To be clear, this is the only way most Americans will experience the tax legislation between now and the midterms. The law only becomes effective for the 2018 tax year; tax returns this spring will be based on the 2017 code. There are big incentives in the bill to pull business investment forward, such that the expected effective corporate tax rate in 2018 is a skinny 9 percent. But the impact of that is highly debatable: Will the capital equipment be manufactured in the United States? Will companies give workers real wage increases or leak out benefits to shareholders through dividends and stock buybacks? The Tax Policy Center estimates an 0.8 percent boost to GDP in 2018 from the tax bill, but the distribution isn’t clear. For working Americans, withholding will be the most direct effect.
Individual tax cuts are very skewed to the top 5 percent. But if the withholding tables are tweaked to give the middle class more in their paycheck, it can look more like a broad-based cut. Sure, workers may have to give a lot of that back to the government the next tax year, but that won’t be until April 2019, well after the midterms.
Mazur stressed that estimating withholding is a professional process carried out by career staff, without direct involvement from Kautter. But Kautter does allocate resources to IRS tasks. Given the extreme confusion expected from the high-speed implementation, Mazur did acknowledge that “anything’s possible.”
That’s particularly true in the Trump administration, which has shown a dismissive attitude toward traditional norms of conduct. “For generations the IRS has actually been shielded from politicization,” said Jeff Hauser. “Sadly, that has changed under Trump.” Just yesterday, Senator Ron Wyden (D-OR), ranking member of the Senate Finance Committee, wrote to Kautter that his dual role raises conflict-of-interest concerns. “I believe it is inappropriate for the acting commissioner of the IRS to also serve as one of the highest political appointees in the Treasury Department,” Wyden wrote, stressing that this is the agency auditing President Trump’s tax return.
It’s an open question that, even if successful, a gaming of the withholding tables would even matter.

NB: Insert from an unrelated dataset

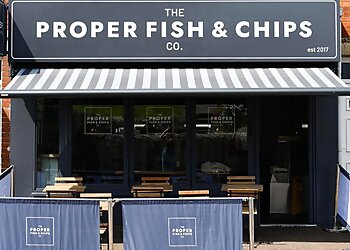 The Proper Fish & Chips Co.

Famously, in 2009, President Obama ran a stimulus tax break called Making Work Pay through the withholding system, and polling later showed that almost nobody knew they got a tax cut. Plus, given that employers withhold state taxes and health-insurance payments too, the net effect in paychecks could be negligible or even negative.

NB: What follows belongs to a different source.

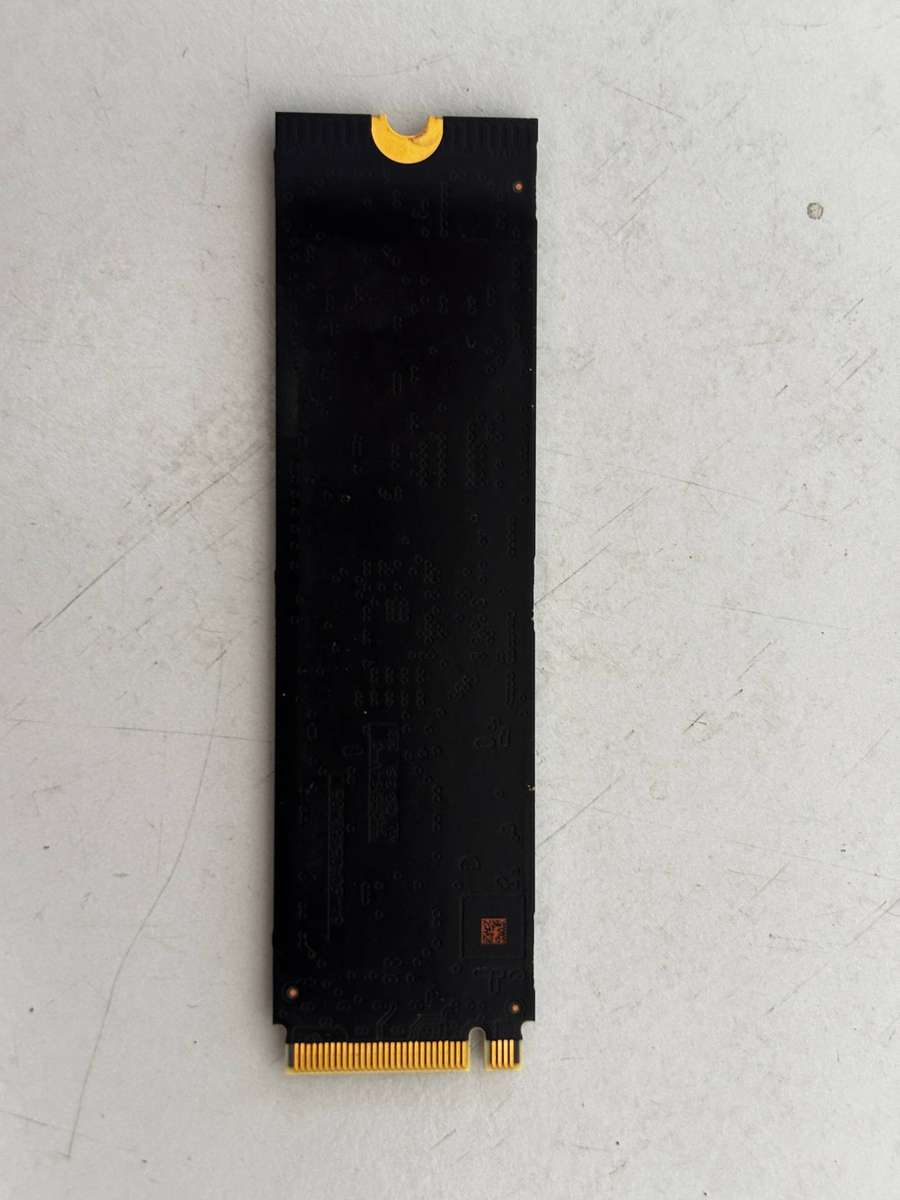 NVMe - 512GB Western Digital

But the Trump team may see an opportunity that others dismiss. At the very least, the political appointee in a traditionally nonpartisan position presiding over the major legislative achievement of the Trump era should raise questions. Trump could alleviate those simply by nominating a permanent IRS commissioner and allowing the Senate to vet the nominee. But I suspect that won’t happen, and we won’t know the full meaning of that choice until paychecks come out in February.